• [PROVIDED INFORMATION]:
== Segment start ==

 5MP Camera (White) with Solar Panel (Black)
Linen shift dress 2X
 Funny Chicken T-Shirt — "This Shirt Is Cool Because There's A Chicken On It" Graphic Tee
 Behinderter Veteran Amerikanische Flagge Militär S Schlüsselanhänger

== Segment end ==
== Segment start ==

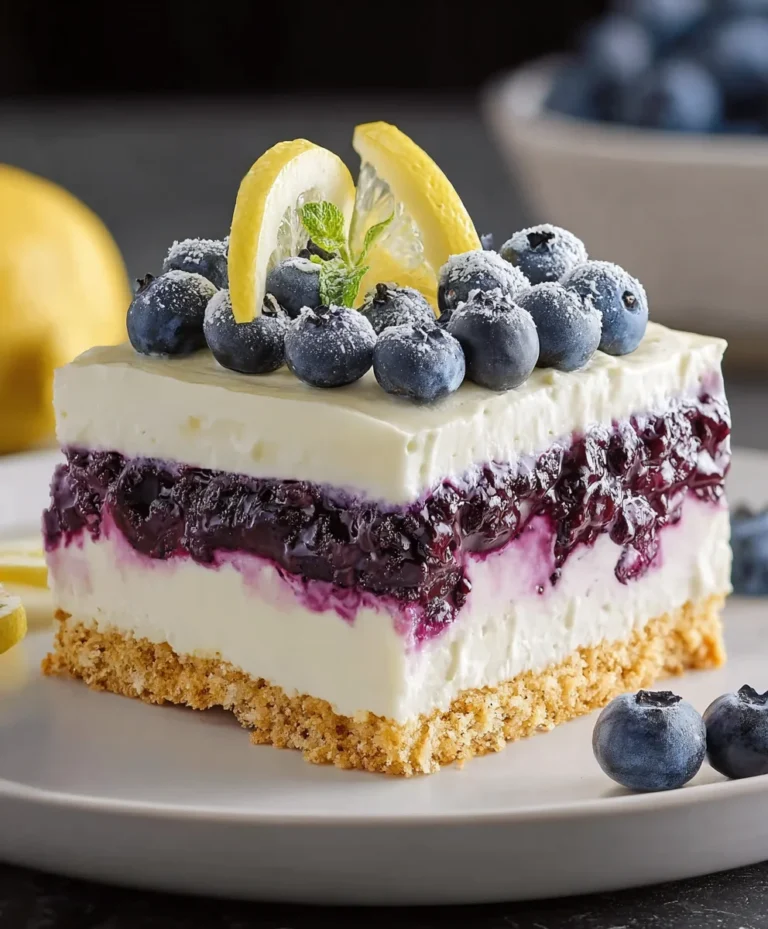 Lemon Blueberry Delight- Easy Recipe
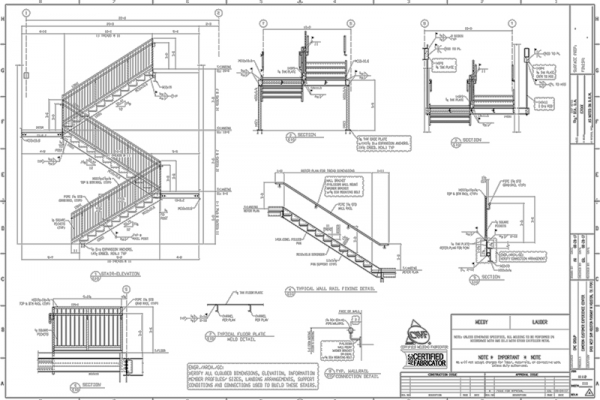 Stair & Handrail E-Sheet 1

== Segment end ==

• [WORK INSTRUCTION]: Give back exactly the lines above from the one with "Lemon Blueberry Delight- Easy Recipe" through the one with "Stair & Handrail E-Sheet 1", both included. Pictures don't belong in the copy.

• [RESPONSE TO THIS EXERCISE]:
 Lemon Blueberry Delight- Easy Recipe
 Stair & Handrail E-Sheet 1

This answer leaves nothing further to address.